The Financial Conduct Authority has published a warning to consumers considering applying for a self-certification mortgage from any lender trying to circumvent European mortgage regulation.
A statement published on the regulator’s website this morning said: “In light of recent media coverage about a firm outside the UK relying on the European Electronic Commerce Directive to provide mortgages to customers in the UK without the protections offered by the UK’s mortgage regime, we are telling consumers about what this means for them.
“Previously, when consumers took out a self-certified mortgage they self-certified that the income stated in their mortgage application was true.
“Because of the harm caused to consumers in the past, this is no longer permitted in the UK and firms must check a customer can afford a mortgage, including verifying their income in every case.
“From 21 March 2016, all firms offering mortgages in the UK (including EEA firms) will have to comply with the Mortgage Credit Directive, which requires a thorough affordability assessment based on information that has been verified by the lender.”
Borrowers who take out a mortgage offered from outside the UK under the ECD will lose UK consumer protection benefits such as the right to refer complaints to the UK’s Financial Ombudsman Service and to be treated fairly when facing payment difficulties.
Under the ECD, firms can only contact customers online, not by telephone or post. This means borrowers will not be able to speak to the firm about their mortgage arrangements.
The FCA’s statement adds: “Firms providing on-line services from an establishment in an EEA State other than the UK under the ECD have to comply with the law of that state, rather than with UK regulatory law.

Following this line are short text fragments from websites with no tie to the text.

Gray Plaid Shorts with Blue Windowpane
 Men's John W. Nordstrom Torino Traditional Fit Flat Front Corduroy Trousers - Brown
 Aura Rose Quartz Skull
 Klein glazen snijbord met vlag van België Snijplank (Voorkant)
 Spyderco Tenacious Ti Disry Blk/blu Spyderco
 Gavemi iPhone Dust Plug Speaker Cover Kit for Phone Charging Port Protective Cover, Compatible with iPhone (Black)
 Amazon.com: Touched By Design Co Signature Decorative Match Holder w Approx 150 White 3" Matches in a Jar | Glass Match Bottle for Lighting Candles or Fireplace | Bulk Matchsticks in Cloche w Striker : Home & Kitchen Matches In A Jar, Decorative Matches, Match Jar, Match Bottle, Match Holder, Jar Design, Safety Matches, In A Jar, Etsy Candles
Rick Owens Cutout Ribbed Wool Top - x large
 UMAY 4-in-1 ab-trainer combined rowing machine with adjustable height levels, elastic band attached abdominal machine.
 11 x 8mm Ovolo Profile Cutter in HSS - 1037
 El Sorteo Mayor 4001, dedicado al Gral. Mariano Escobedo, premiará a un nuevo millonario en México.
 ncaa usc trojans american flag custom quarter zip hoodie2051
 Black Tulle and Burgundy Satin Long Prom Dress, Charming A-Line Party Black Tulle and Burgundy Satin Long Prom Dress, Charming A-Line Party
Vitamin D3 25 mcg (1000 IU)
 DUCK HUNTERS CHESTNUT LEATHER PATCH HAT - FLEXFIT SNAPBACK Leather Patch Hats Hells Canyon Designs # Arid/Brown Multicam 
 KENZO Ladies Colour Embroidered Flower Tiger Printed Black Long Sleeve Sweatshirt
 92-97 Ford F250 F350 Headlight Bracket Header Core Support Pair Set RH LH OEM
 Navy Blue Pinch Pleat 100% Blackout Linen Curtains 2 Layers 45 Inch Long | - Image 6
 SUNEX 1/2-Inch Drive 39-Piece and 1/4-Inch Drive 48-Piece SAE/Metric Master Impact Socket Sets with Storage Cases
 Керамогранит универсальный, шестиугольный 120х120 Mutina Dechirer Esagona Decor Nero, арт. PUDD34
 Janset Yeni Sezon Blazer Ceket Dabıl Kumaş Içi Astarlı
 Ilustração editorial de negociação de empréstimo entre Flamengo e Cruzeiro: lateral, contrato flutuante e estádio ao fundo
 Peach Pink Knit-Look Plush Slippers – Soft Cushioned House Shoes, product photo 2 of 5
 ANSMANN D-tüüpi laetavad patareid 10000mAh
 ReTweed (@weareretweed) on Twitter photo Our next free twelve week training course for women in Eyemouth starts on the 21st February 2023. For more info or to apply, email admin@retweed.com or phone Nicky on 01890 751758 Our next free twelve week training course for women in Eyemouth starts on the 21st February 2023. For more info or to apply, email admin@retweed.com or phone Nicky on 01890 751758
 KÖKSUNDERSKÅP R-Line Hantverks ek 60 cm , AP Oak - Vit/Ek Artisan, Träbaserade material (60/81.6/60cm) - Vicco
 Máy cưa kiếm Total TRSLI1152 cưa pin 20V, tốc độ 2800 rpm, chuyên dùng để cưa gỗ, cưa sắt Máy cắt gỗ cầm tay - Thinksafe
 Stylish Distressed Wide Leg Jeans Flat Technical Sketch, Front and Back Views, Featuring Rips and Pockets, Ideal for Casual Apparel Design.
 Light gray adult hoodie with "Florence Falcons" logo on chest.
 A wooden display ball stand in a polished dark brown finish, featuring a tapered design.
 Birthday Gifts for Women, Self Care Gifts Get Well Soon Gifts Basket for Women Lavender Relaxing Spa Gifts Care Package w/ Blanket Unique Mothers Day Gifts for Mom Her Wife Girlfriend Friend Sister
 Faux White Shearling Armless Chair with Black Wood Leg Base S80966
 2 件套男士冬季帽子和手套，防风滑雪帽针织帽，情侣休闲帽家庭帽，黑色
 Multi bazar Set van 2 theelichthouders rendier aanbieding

“If anything goes wrong, the responsibility is with the other EEA State’s authorities.
“Even if a regulated mortgage adviser in the UK recommends such a mortgage, you will not be able to get compensation from that adviser if it turns out you cannot afford the mortgage payments. This is because the adviser is not responsible for assessing affordability.”
The regulator has advised consumers to “find a regulated mortgage adviser who can give you advice on mortgage products from a wide range of lenders including those regulated in the UK”.
It adds: “If you are still considering using a firm based outside the UK, find out what protections you will have if things go wrong.
“Ask for a copy of the mortgage terms and conditions.
“Ask for the contact details of the firm’s regulator.
“Find out how the firm will deal with borrowers who fall into arrears, plus details of fees and charges.
“Remember you will not be protected by UK regulation if things go wrong, and you could lose your home if you cannot afford your mortgage payments.”
The statement comes a week after selfcert.co.uk was forced to close its doors to new applications for three months after a flood of enquiries in the lender’s first week overwhelmed staff and crashed its website.
The lender, which is based in the Czech Republic to allow it to circumvent Financial Conduct Authority rules that banned self-certification mortgages several years ago, said “a severe backlog” of interest meant it couldn’t keep up with demand.
It launched on Monday last week and by Tuesday had seen 4,000 potential borrowers register interest.
The site said: “We have ceased taking new applications until further notice, this will be at least three months.
“We are currently working through a severe backlog of people that have registered an interest in these products.
“Although we started on Monday 18 of January people have been contacting us since reports of the products returning first appeared in November 2015.”